The warning can result from the following situations: first, the branching dendrogram is determined in the data. Then, for each cell, all of the branches that exist in the dendrogram at the cell's pseudotime are compared, and the cell is assigned to a branch where it was most highly visited. Cells may not be assigned for a variety of reasons: first, perhaps the cell was not visited highly by random walks from any tip; or, second, the cell was visited by the walks from a tip, but that segment has already fused with other tips/segments at that cell's pseudotime, and the cell was not well visited by the combined segment (which is calculated as the weighted mean of visitation from all downstream/child segments). (Imagine: If you had a cell visited highly from tip 4, but not from tips 5, 6, or 7, but those four segments have already fused together into a common branch at that cell's pseudotime, then the cell might not get assigned because its averaged visitation from tips 4-7 would not be very high.)

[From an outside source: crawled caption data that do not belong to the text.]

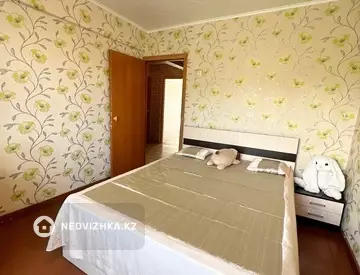 2-комнатная квартира, этаж 4 из 5, 52 м²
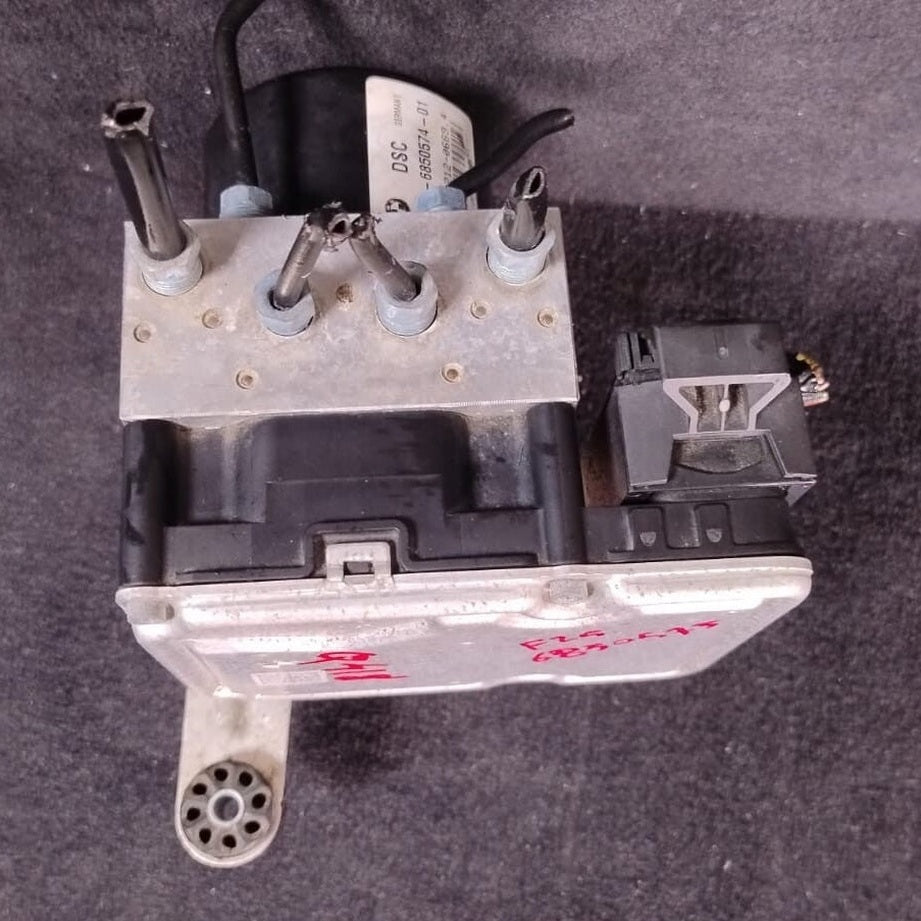 BMW X3 F25 Anti-lock Braking System Hydraulic Unit Master Block Genuine 6850574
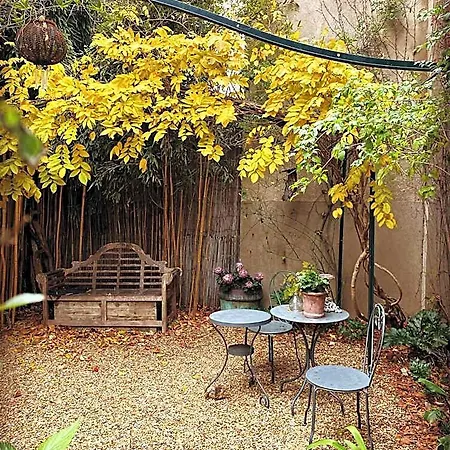 Le Logis Blanc Bed & Breakfast 3*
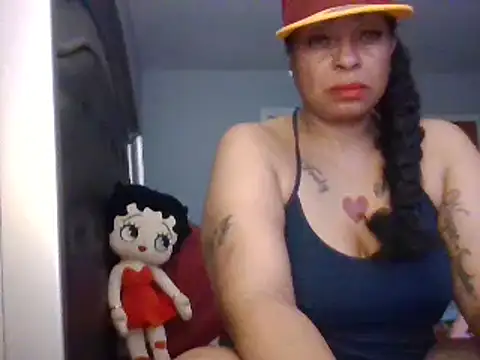 MSweetLindaParks online show from March 2, 2025, 10:48 pm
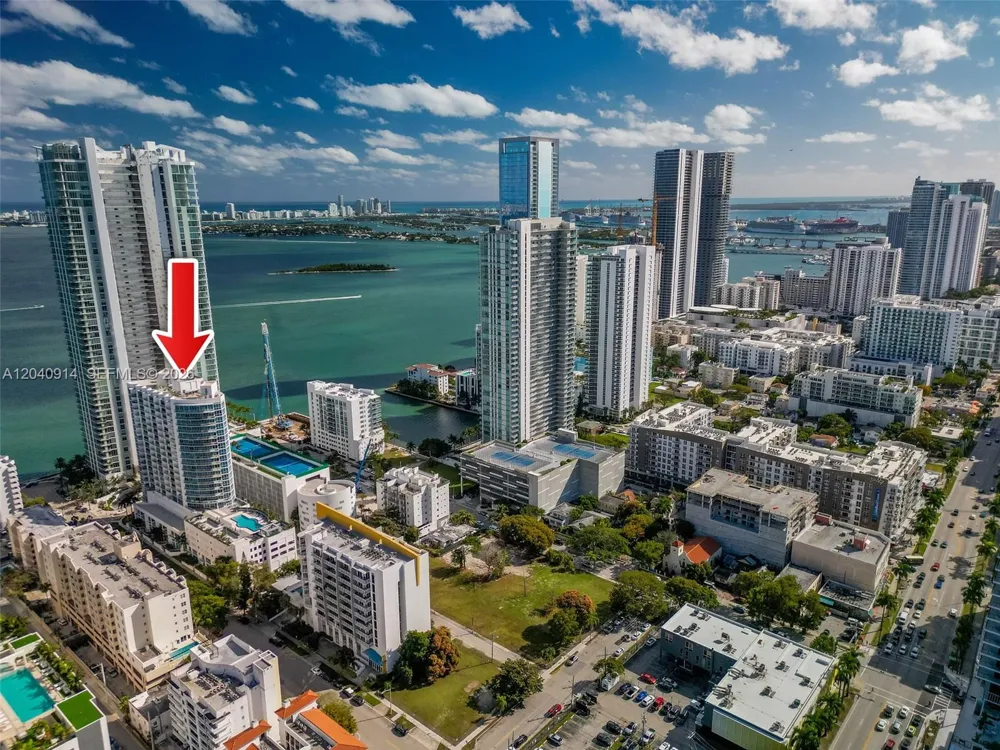 480 NE 30th St #904 Miami, FL 33137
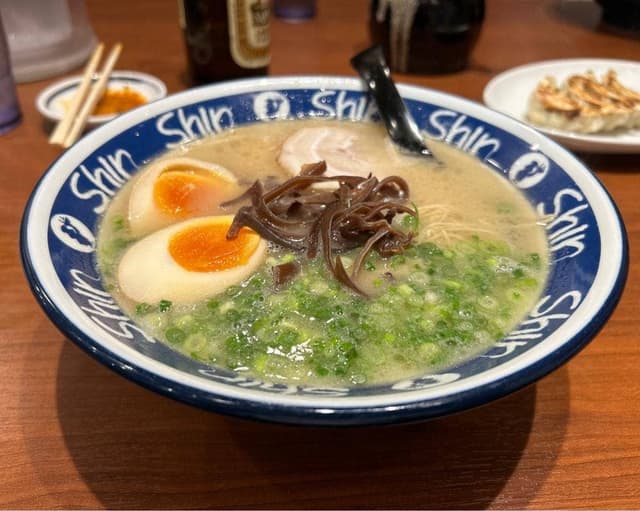 博多らーめんShinShin 古門戸町店 - サブ画像1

(1) One possibility is that you didn't perform enough random walk simulations, which has left many cells unvisited. You can use pseudotimePlotStabilityOverall after loading a particular set of random walks to see whether the calculated pseudotime has reached an asymptote, which would indicate that enough simulations were performed.

(2) Another possibility is that there are 1 or more 'tips' in the data that you didn't perform any walks from. If this were the case, you would expect a large, contiguous region of the data to be unvisited. In that case, you might just need to define more tips. They may not be in the final stage of your data set if there are populations that disappear. You can check which cells in your data were not assigned to the tree by using plotDim(object, label="segment", na.rm=F, ...) which will show all of the cells that were not assigned to the tree as a grey color (their segment will be NA). (This will plot on the tSNE by default, but you can use dim.red="pca" or dim.red="dm" to plot on pairs of PCs or diffusion components.) You can plot visitation from particular tips with plotDim(object, label="visitfreq.log.[tip]", ...) (i.e. "visitfreq.log.3" to plot log10 of cell visitation from tip 3). That will help you check whether cells were not visited by any of the walks, or whether they were visited but remain unassigned.

(3) A third possibility could be that if the bias in your random walks is extreme, that cells on the fringes of your data are not visited. This would be apparent on plots of the diffusion components, where visitation was limited to the center of spikes and doesn't go to the outsides.

If cells were visited, but were unassigned, then there are a couple of possible reasons I can think of off the top of my head:

(4) It could represent a poor pseudotime calculation that causes cells of similar expression to have dramatically different pseudotimes (in which case, perhaps the sigma of your diffusion map should be adjusted).

(5) It could represent poor parameters for the buildTree function, where p.thresh is too small and segments are fusing too aggressively.

You might also try lowering visit.threshold in buildTree which would allow cells to be assigned to a segment with a lower visitation.

Hope that helps / gives you some additional tools or ideas for investigating what URD is doing with your data.